Perché succede: la teoria evolutiva
Alla base di questi risultati c’è la cosiddetta “teoria della storia della vita”. Secondo la ricercatrice Mikaela Hukkanen: «Gli organismi hanno risorse limitate: più energia viene investita nella riproduzione, meno ne resta per la riparazione e il mantenimento dei tessuti».
In altre parole, il corpo umano deve trovare un equilibrio tra riproduzione e longevità. Un compromesso biologico che può lasciare tracce nel tempo.
Il dato sorprendente: anche chi non ha figli
Uno degli aspetti più inattesi riguarda le donne senza figli, che nello studio mostrano segni di invecchiamento più rapido rispetto a chi ha avuto poche gravidanze.
Tuttavia, gli stessi autori invitano alla prudenza: questo risultato potrebbe essere influenzato da fattori esterni, come:
- condizioni di salute preesistenti,
- stili di vita,
- variabili socio-economiche.
Cosa significa per le donne in Italia
Nel contesto italiano, dove il tasso di natalità è tra i più bassi in Europa e l’età media al primo figlio supera i 31 anni, questi dati vanno interpretati con attenzione.
Gli esperti sottolineano che:
- lo studio non fornisce raccomandazioni su quanti figli avere,
- non esiste un “numero ideale” valido per tutte,
- le scelte riproduttive sono influenzate da fattori culturali, economici e personali.
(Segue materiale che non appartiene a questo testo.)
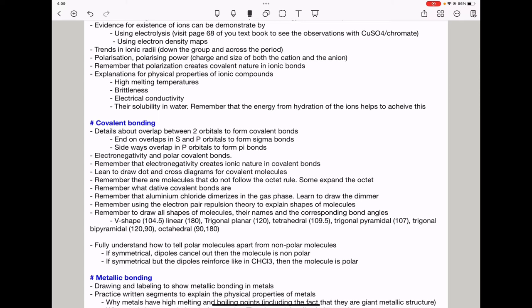Using electron pair repulsion theory, you need to explain shapes of molecules and remember names with corresponding bond angles: V-shape 104.5°, linear 180°, trigonal planar 120°, tetrahedral 109.5°, trigonal pyramidal 107°, trigonal bipyramidal 120° or 90°, and octahedral 90° or 180°. You need to distinguish polar molecules from nonpolar molecules — if symmetrical and dipoles cancel, it is nonpolar; if dipoles reinforce, the molecule is polar.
Inoltre, il sistema sanitario italiano e le condizioni socio-economiche differiscono da quelle del campione analizzato, rendendo necessarie ulteriori ricerche specifiche.
Il messaggio degli scienziati
Come spiega la professoressa di Epigenetica Miina Ollikainen: «Una persona biologicamente più anziana rispetto alla sua età anagrafica ha un rischio di mortalità più elevato. Le scelte di vita lasciano un’impronta duratura, misurabile molto prima della vecchiaia».
Un altro dato interessante riguarda l’età precoce della maternità:
- avere figli molto giovani potrebbe essere associato a un invecchiamento accelerato
- un fenomeno che, secondo la teoria evolutiva, potrebbe essere legato alla selezione naturale.
Questo studio rafforza l’idea che la maternità non sia solo una scelta sociale o personale, ma anche un evento biologico con effetti a lungo termine sull’organismo.
Tuttavia, ridurre la complessità della vita di una donna a un numero di gravidanze sarebbe fuorviante.
La scienza, in questo caso, non prescrive: aiuta a comprendere meglio come il corpo umano risponde alle scelte e alle condizioni della vita.